What we want is a reproducible, Linux-based environment in which we can debug our Flask/Dash web app, do ad hoc data science and machine learning in Jupyter Notebooks, and write SQL directly in PGAdmin or via the website, or directly in a Python script. All environments must talk to the PostgreSQL database, which is inside a Docker container, on a Docker network, and all must have the same versions of our scientific Python packages, such as Scikit-Learn, so that our models are transferable.
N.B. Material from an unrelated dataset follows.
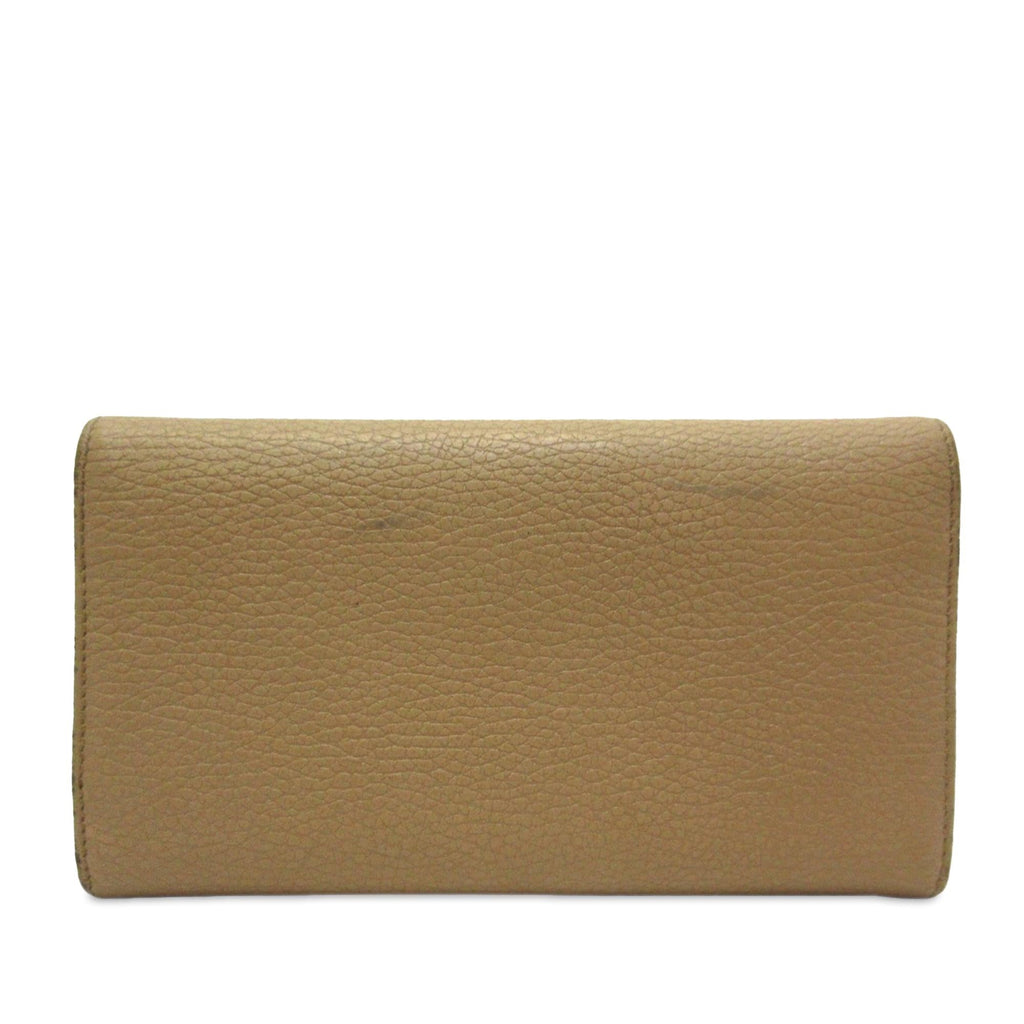Gucci GG Marmont Continental Leather Long Wallet (SHG-Win7Fr)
The best IDE I’ve found for meeting all these requirements is VS Code. With VS Code, you can work inside a 100% reproducible, Dockerized, Linux-based development environment, which exactly matches your production environment. That development environment can contain other Docker containers, such as TimescaleDB and PGAdmin for the database. And you can run your ad hoc data science tasks using the built-in Jupyter Notebooks.

VS Code Setup

If you’d prefer to use VS Code for everything, as I do, you can actually skip the rest of this chapter and jump directly to the next chapter “Optional VS Code and Docker Setup”.

Non-VS Code Setup

If you prefer a different IDE than VS Code, by all means use it. However, the ad hoc data science stuff works best in either Jupyter Notebooks or Spyder. The easiest way to get both is to download Anaconda or the lighter-weight Miniconda.

For those who prefer a different IDE, you’ll probably need to setup two separate environments–one for debugging your web app, and another one for running ad hoc data science tasks in Jupyter Notebooks or Spyder.

Poetry Package Installation

We’re going to use Poetry to manage our Python packages, and Poetry uses the pyproject.toml as its requirements file, similar to the usual requirements.txt file you’d see if you were using pip to install your packages. These days I prefer using Poetry to Pip for Python package management.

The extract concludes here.